The series was written by Gary Gygax (the father of Dungeons & Dragons) and set within his own World of Greyhawk campaign. The story revolves around a street urchin (Gord) who grows up in the city of Greyhawk and later has adventures that take him across the width and breadth of the Flanaess.
Although the first book was released in 1985, I never read it until just recently. As I said yesterday, I have never had any interest in reading books about games I was playing. I finally gave Keep on the Borderlands a shot (hoping that such a fine module would lead to an equally exciting book). Unfortunately, I found the novelization terribly disappointing.

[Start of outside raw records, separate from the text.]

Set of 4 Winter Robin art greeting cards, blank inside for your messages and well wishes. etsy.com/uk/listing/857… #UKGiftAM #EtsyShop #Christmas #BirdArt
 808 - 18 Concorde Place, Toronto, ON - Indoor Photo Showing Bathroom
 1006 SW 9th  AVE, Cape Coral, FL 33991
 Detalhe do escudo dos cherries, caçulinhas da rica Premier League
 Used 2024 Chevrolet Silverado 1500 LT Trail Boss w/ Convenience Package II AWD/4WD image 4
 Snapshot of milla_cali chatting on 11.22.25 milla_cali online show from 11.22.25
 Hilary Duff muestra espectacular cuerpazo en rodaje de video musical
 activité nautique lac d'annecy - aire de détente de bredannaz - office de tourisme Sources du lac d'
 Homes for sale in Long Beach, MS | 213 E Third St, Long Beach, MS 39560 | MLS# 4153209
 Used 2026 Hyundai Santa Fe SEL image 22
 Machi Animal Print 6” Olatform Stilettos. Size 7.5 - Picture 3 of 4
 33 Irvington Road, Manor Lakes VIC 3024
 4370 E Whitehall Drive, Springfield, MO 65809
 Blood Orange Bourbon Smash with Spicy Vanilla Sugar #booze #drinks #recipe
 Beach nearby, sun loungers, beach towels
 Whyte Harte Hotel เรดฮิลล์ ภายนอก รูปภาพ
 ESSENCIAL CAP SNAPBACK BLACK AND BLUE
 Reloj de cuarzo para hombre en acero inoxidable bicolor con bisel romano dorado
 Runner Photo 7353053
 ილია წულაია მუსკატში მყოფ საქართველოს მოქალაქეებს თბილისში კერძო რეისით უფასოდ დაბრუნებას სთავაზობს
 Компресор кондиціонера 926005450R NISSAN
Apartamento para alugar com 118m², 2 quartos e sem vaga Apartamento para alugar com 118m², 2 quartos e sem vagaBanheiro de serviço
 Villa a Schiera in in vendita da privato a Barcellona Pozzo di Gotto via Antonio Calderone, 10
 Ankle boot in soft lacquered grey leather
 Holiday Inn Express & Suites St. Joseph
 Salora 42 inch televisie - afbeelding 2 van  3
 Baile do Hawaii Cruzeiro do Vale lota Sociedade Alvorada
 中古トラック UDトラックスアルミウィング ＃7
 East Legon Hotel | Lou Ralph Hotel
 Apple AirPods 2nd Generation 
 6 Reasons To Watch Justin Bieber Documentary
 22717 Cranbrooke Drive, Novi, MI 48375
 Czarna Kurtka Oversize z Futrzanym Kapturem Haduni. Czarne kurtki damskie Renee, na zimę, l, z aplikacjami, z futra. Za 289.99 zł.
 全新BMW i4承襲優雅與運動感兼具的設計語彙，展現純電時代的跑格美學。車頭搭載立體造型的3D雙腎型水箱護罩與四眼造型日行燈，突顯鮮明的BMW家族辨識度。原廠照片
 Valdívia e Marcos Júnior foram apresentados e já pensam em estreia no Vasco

Urged on by friends, who insisted that there were much better books out there, I went to a used book store in search of one of Rose Estes’ Greyhawk books (which various people had recommended as worth reading). The store I went to first didn’t have anything by Estes at the moment, but I bought a copy of Artifact of Evil (the second book in the Gord the Rogue series). After checking numerous other used book stores, I had acquired books two through five but was unable to locate the first one (other than online and I avoid online purchases whenever I can, especially since it was the middle of the christmas rush at the time).
I hate reading a series out of order but I wanted to dig in and see what the story was about. I picked up Artifact of Evil and found it riveting from the first page. Before I was done, I had acquired the first book (Saga of Old City) and moved quickly on to devour it. From there I moved on to, and now am in the middle of, Sea of Death (3rd or 4th book, depending on your count).
There are five books in the series (In order: Saga of Old City, Artifact of Evil, Sea of Death, Come Endless Darkness, and Dance of Demons) plus two other books of collected short stories (Night Arrant and City of Hawks). Some people place the two collections within the series, making the whole a series of seven books. However you count them, they make up a wonderful story.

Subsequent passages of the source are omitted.